Signal 6 — Inventory Momentum (0–10 pts)

Availability and frequency signal:

  • How regularly the creator publishes sponsored content
  • Whether they have open inventory slots

Score Color Coding

ScoreColorLabel
90–100GreenExcellent fit
80–89LimeStrong fit
70–79GoldGood fit
60–69OrangeModerate fit
Below 60GrayWeak fit

Match Status (Pipeline)

Each match has a status field that tracks where it is in the agent's pipeline:

StatusDescription
not_pitchedDefault — not yet contacted
reached_outAgent has sent an initial pitch
in_negotiationActive discussion / deal in progress
wonDeal closed
not_a_fitAgent has marked this as not worth pursuing

Status is updated by the agent via the Pitch / Pass buttons in the UI, which call PATCH /api/matches/:id on ca-data.


Pitch Narrative

Each match record optionally includes a pitch_narrative — a one-paragraph pre-written angle explaining why this specific creator is a good fit for this specific brand. Narratives are generated in batch by scripts/generate_narratives_openai.py.

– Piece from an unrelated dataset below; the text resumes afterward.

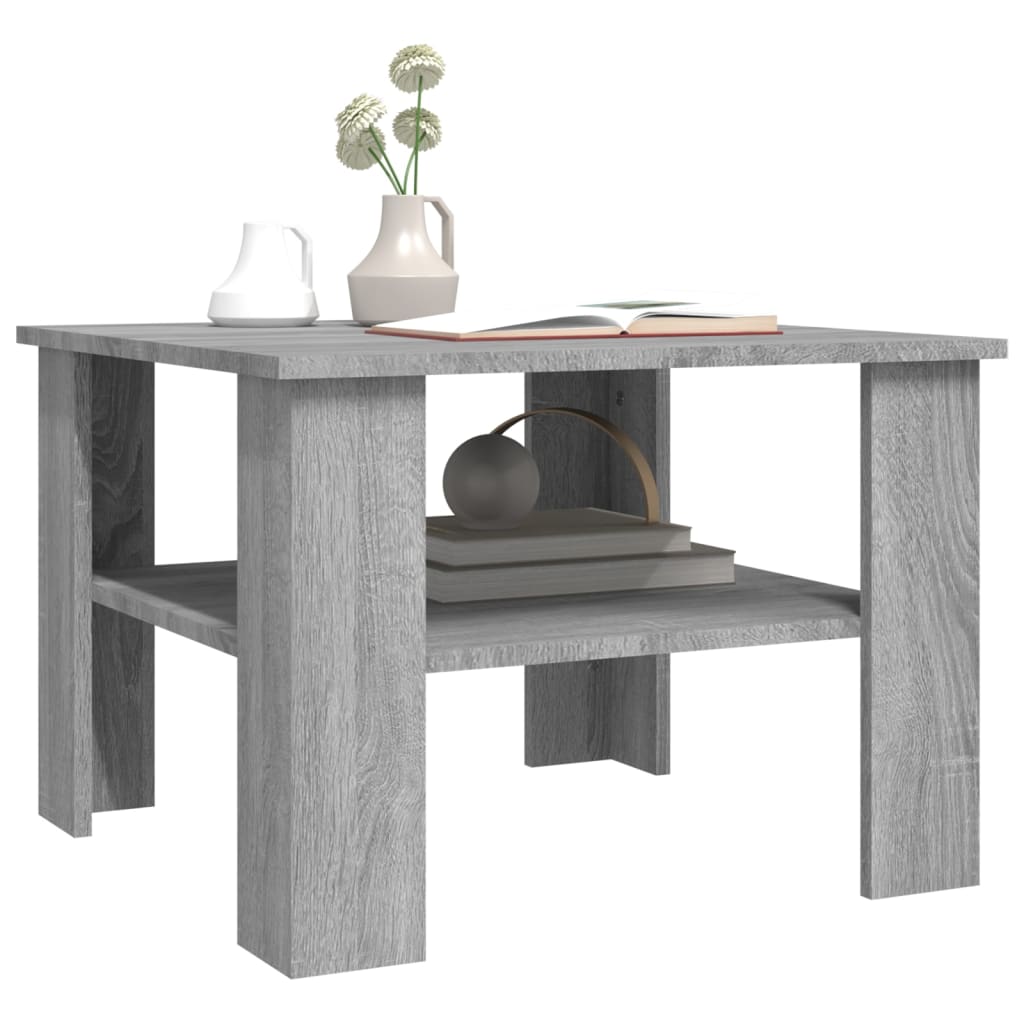 Salontafel 60x60x42 cm bewerkt hout grijs sonoma eiken is nu te koop bij PeponiXL, paradijselijk wonen!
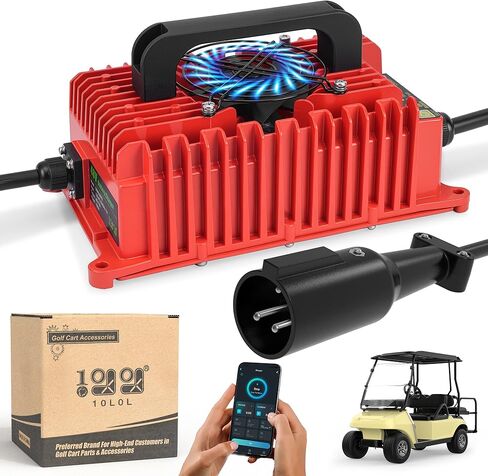 10L0L 15A/48V CART CART CARTHRAGE مع سلك OBC متوافق مع Club Car DS & Prectent ، قم بترقية وظيفة Bluetooth App ، IP67 مقاومة للماء ، ويدعم 3 أنواع من شحن البطارية (أحمر) in Kuwait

As of early 2026, ~55% of assigned matches have a narrative. The remaining ~45% show no narrative text in the UI.


Conflict Detection

The conflict_database table tracks creators with active sponsor detections for competing brands. If a creator in a match has a detected conflict with the brand being pitched, a warning badge appears on their match card.

Conflict data is synced separately from the sponsor detection pipeline.


Batch Rescoring

When scores need to be recalculated (e.g. after scoring model changes), the process is:

  1. Run scripts/scoring_v3/run_v3_scoring.py — outputs 1,753 brand JSON files to data/matches_v3/
  2. Run scripts/push_rescored_matches_to_neon.py — bulk UPDATE to Neon (2,000 rows per batch)
  3. ca-data serves the updated scores immediately — no app redeploy needed

The last full rescore updated 107,307 rows to v3 scoring.